Die Bindungstheorie
pp. 404-435
in: Lieselotte Ahnert (ed), Theorien in der Entwicklungspsychologie, Berlin, Springer, 2014Abstract
Die Erforschung zwischenmenschlicher Interaktionen und Beziehungen wird seit nunmehr sechs Jahrzehnten von der Bindungstheorie dominiert. In ihrem Zentrum stehen besondere Formen der Sozialbeziehungen, die sich durch emotionale Sicherheit und Vertrautheit auszeichnen und mit nur wenigen Personen entstehen. Diese Bindungsbeziehungen werden zunächst mit den primären Bezugspersonen erworben, weiten sich jedoch auch auf signifikante andere Personen im weiteren Lebenslauf eines Menschen aus.
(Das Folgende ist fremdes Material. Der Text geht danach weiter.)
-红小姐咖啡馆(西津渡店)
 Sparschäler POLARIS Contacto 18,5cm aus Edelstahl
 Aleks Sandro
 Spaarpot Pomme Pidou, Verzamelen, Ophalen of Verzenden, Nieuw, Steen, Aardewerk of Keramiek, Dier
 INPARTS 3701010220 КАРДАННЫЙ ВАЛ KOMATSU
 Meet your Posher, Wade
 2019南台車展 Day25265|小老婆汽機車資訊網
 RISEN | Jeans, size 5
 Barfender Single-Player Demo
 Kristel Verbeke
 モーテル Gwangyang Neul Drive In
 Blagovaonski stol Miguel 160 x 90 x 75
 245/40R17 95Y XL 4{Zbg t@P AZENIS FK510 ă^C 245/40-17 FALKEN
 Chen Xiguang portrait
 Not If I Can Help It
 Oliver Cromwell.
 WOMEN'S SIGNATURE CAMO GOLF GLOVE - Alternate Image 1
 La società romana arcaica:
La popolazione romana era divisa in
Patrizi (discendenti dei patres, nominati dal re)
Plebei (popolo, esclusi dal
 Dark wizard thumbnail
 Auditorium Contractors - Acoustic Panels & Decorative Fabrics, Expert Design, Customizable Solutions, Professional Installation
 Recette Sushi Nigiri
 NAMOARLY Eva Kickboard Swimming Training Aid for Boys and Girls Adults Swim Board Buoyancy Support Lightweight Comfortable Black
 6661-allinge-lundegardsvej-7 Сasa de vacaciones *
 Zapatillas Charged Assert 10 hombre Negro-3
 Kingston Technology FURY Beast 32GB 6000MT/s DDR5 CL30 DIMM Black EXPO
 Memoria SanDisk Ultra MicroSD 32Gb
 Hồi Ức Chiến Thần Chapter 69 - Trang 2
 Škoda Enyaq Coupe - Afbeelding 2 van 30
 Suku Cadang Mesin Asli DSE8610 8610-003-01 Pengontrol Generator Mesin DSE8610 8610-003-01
Die bisherige Forschung konzentrierte sich vornehmlich auf Mutter-Kind- Bindungen, weshalb diese sog. primäre Bindung den Ausgangspunkt der Darstellung bildet. Wir wollen zunächst ihre begriffliche Bestimmung vornehmen und ihre Funktionsweise so darstellen, wie sie sich in der frühen Kindheit zeigt, und werden dafür die Zugangsebenen der klassischen Bindungstheorie benutzen. Diese Beschreibungsebenen werden danach durch weiterentwickelte behaviorale und biopsychologische Erklärungsmodelle ergänzt, die bis in die Bindungsstörungen hineinreichen und die gesamte Lebensspanne umfassen. Schließlich werden wir über aktuelle Brennpunkte der Bindungsforschung diskutieren, die sich mit den verschiedensten Formen von Bindungsrepräsentationen, ihrer transgenerationalen Weitergabe und ihren biopsychologischen Grundlagen beschäftigen. Die Auswahl der vielschichtigen theoretischen Perspektiven und empirischen Befunde werden wir auch hier deutlich begrenzen müssen und verweisen den Leser schon jetzt auf einen umfassenden Überblick in Cassidy und Shaver (2008).